In definitiva, dobbiamo seriamente ripartire dall’analisi delle dinamiche sociali sempre attenendoci al principio che, all’inizio e sopra tutto, c’è la politica, in quanto complesso di strategie in aperto confronto tra di loro; ma dove quest’ultimo non è necessariamente violento (semmai solo “in ultima istanza”, con la chiusura delle altre vie). Si è però tuttavia sempre nell’ambito di un confronto, di un intreccio di azioni di “soggetti” contrapposti che si studiano l’un l’altro nel tentativo di prevalere: nettamente o solo parzialmente, in modo duraturo o invece per un dato tempo (necessario a certi “adattamenti”), ecc. Ogni politica, ogni strategia, formula piani, ma poi deve tenere conto che gli altri rispondono secondo la stessa modalità; e ci si deve studiare reciprocamente, si deve tenere conto delle successive mosse e contromosse.

L’idea marxista della “base economica” – il rapporto sociale di produzione specifico per ogni data forma di società – quale fulcro determinante della stessa; l’idea liberal-liberista del mercato quale struttura principe del capitalismo; sono impostazioni concettuali ormai elementari e superate.
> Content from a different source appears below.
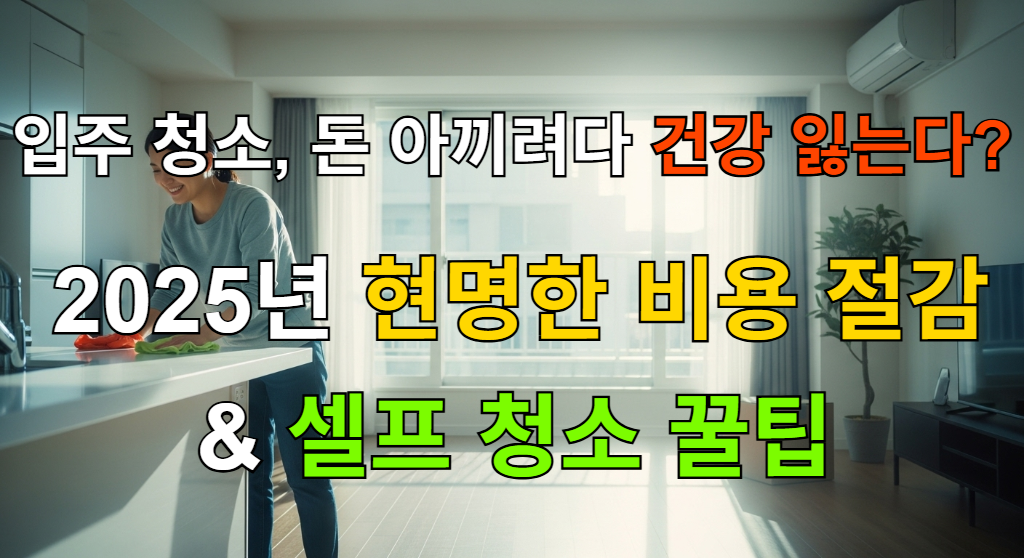 햇살이 비치는 깨끗한 새 아파트 거실에서 한 사람이 만족스러운 표정으로 청소하고 있는 모습. 입주 청소의 중요성을 나타낸다.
Per cui lasciamo perdere il massimo profitto, la virtuosa libera concorrenza, il lato negativo del mono-oligopolio ai fini dell’avanzamento produttivo, ecc. Dobbiamo andare verso una ben maggiore complicazione dei modelli di analisi avente come oggetto precipuo gli sviluppi della società moderna, e in particolare di quella odierna. E dobbiamo, lo ripeterò cento, mille volte, porre al primo posto la politica. Non però quegli apparati (tipo Stato, partiti o lobbies o altri organismi vari) che indichiamo come pezzi o parti della sfera detta politica. Sto parlando della politica, che per me è applicazione di strategie. Secondo quanto intendo io, la strategia non è solo quella bellica; è quella delle mosse e contromosse, di differente natura, attuate con varie modalità in diversi ambiti (l’economico, il politico, l’ideologico) nel tentativo di prendere il sopravvento.

A tal fine, il problema centrale è appunto quello delle sfere di influenza. Non semplicemente le quote di mercato, la conquista (o mantenimento) di ambiti territoriali, l’imposizione di una propria specifica ideologia a popolazioni che ne seguono altre. Non dico che non siano a volte importanti anche tali finalità. Tuttavia, non basta una simile impostazione del problema della supremazia. Simili operazioni potrebbero concludersi con insuccessi clamorosi. Il problema dell’“influenza” è più sottile. Quest’ultimo, in certi casi, potrebbe perfino non essere rilevato apertamente e adeguatamente. La strategia intelligente di un aggressore è a volte quella che scatena la reazione dell’avversario in difesa della propria quota di mercato, della propria autorità su un determinato territorio, della propria cultura e ideologia (e religione). “Costui” (impresa o Stato o sistema ideologico-culturale) non si accorge che in modo più duttile e mascherato, e per vie traverse, l’attaccante ha distratto la sua attenzione, ha indebolito le sue difese, lo ha aggirato e si appresta ad assestargli il “colpo alla nuca”.

Ripartiamo da qui perché incontreremo tanti problemini, strada facendo.